[Caption-style text data]
▬▬▬
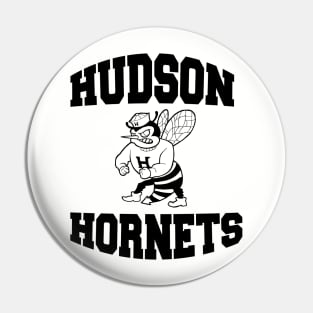 Hudson Hornets II Pin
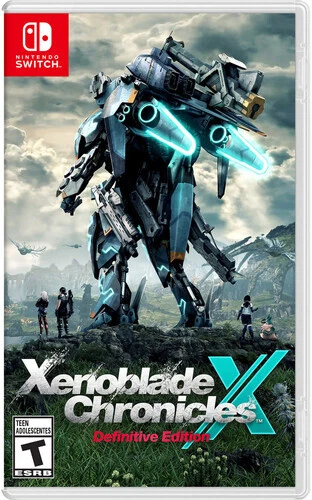 Xenoblade Chronicles X Definitive Edition - Nintendo Switch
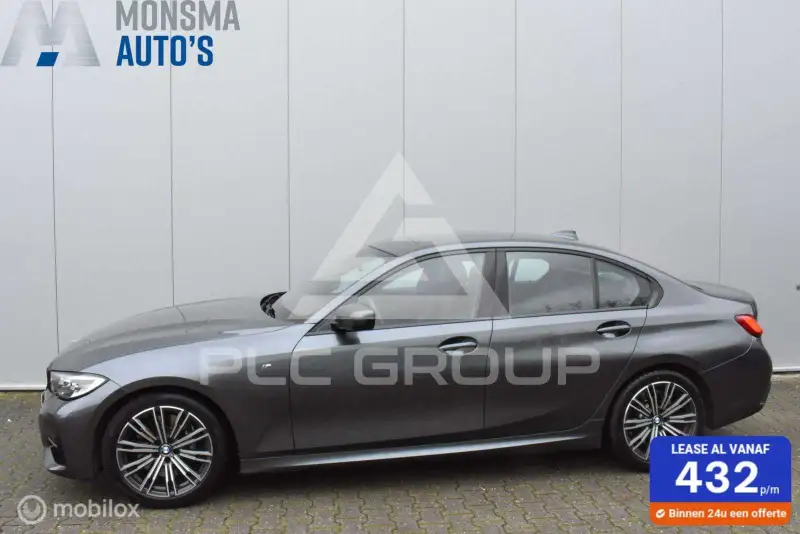 2019 BMW 330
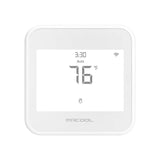 MRCOOL Smart Thermostat in White For Ducted Systems Only MST04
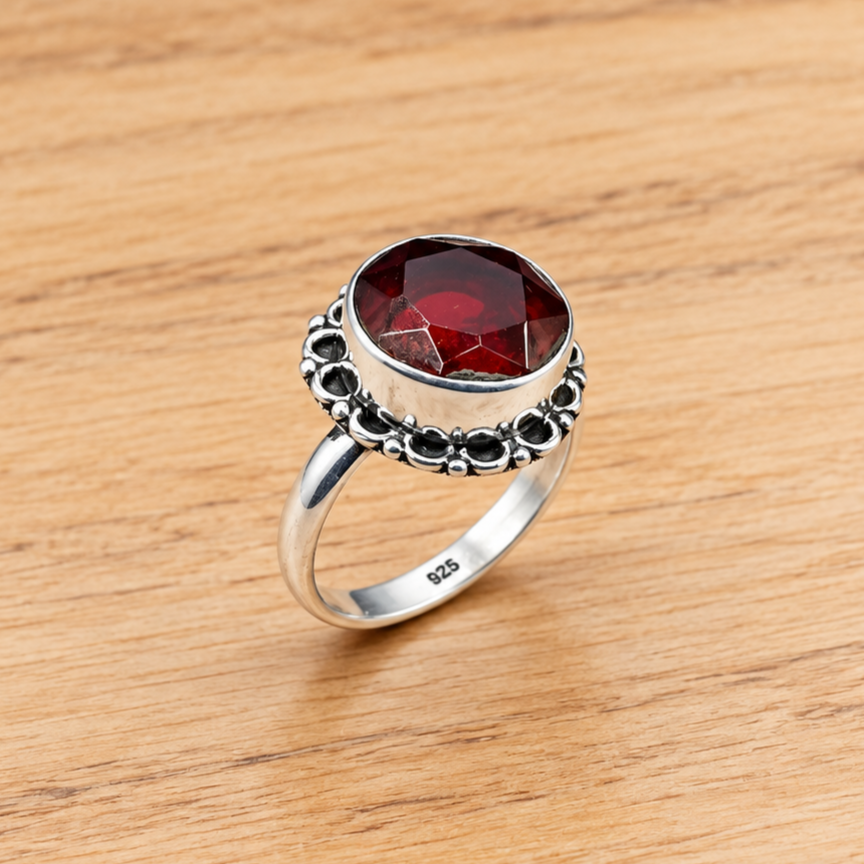 ChatGPT-Image-Sep-28-2026-11_43_04-AM 925 Silver Red Stone Ring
▬▬▬
§ **Description of the task**: Write out, exactly as they stand, the line with "MRCOOL Smart Thermostat" and every line after it through the end of the entries above; omit the pictures.

§ **Output of the task**:
 MRCOOL Smart Thermostat in White For Ducted Systems Only MST04
 ChatGPT-Image-Sep-28-2026-11_43_04-AM 925 Silver Red Stone Ring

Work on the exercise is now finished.